Tomemos el ejemplo anterior. Sabemos que el BST óptimo se forma con el nodo 2 en la raíz, y el nodo 4 a la derecha del 2. Ese sub-árbol con 4 como raíz puede verse como un sub-problema del problema más grande, en donde en lugar de considerar todo el rango \([1 : 5]\) del arreglo, solo se considera el rango \([3 : 5]\). De hecho, la solución óptima para ese árbol con raíz 4 es: \[ C_{E4} = (0.1 \times 2) + (0.2 \times 1) + (0.05 \times 2) = 0.5 \]
Obviaremos por ahora el detalle de que las probabilidades de este rango no suman 1. Lo importante es que la estrategia para resolver el sub-problema viene a ser la misma que para el problema grande.
¿Puede ver para dónde va esto? ¿Roma? Si está pensando «programación dinámica», estamos sintonizados. Si aun no está familiarizado con D.P., ahora sería un buen momento para leer un poco sobre el tema.
Ahora, aquí está la que me parece la observación clave: para un rango arbitrario \([i:j]\) del arreglo, es posible encontrar el sub-árbol óptimo, buscando una posición \(k\) (\(i \le k \le j\)), que minimize una suma que de alguna manera involucre a los valores \((R_{i,k-1}), (p_k), (R_{k+1, j})\), en donde \(R_{a,b}\) denota la solución para el rango \([a:b]\).
Veamos cómo; vamos de vuelta a nuestro ejemplo, y la solución para el sub-árbol del rango \([3:5]\):
Ahora veamos lo que sucede con ese sub-árbol cuando pasamos a la solución del problema más grande, del rango \([1:5]\):
¿Se ve el corazón del asunto?
Hemos dicho que \(R_{a,b}\) denota la solución del problema para el rango \([a:b]\), ahora denotemos como \(S_{a,b}\) a la suma \(p_a, p_{a+1}, \ldots, p_{b}\). Entonces la solución para \(R_{i, j}\), viene de encontrar un \(k\) que minimize la siguiente suma: \[ (R_{i, k-1} + S_{i, k-1}) + p_k + (R_{k+1, j} + S_{k+1, j}) \]

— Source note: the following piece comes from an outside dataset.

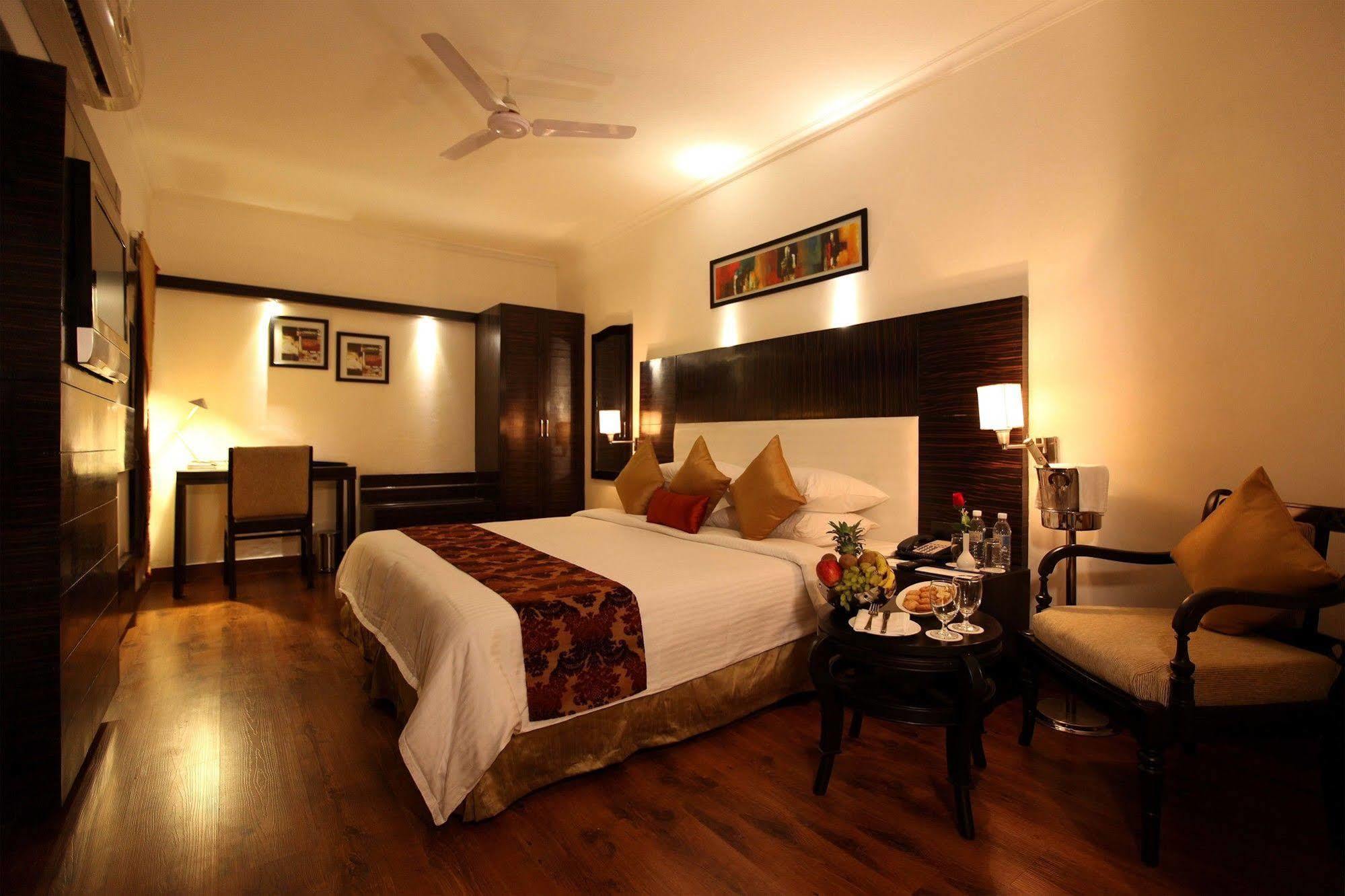 Crossroads Hotel Gurgaon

Esto se traduce fácilmente a una solución de programación dinámica. El caso base es considerar todos los rangos de longitud 1 (\(R_{i, i}\) para cada \(i\) de la lista) y su valor es simplemente \(p_i\), y luego se van calculando las respuestas para los rangos de longitud 2, de longitud 3, etc, hasta llegar al rango completo de longitud \(N\).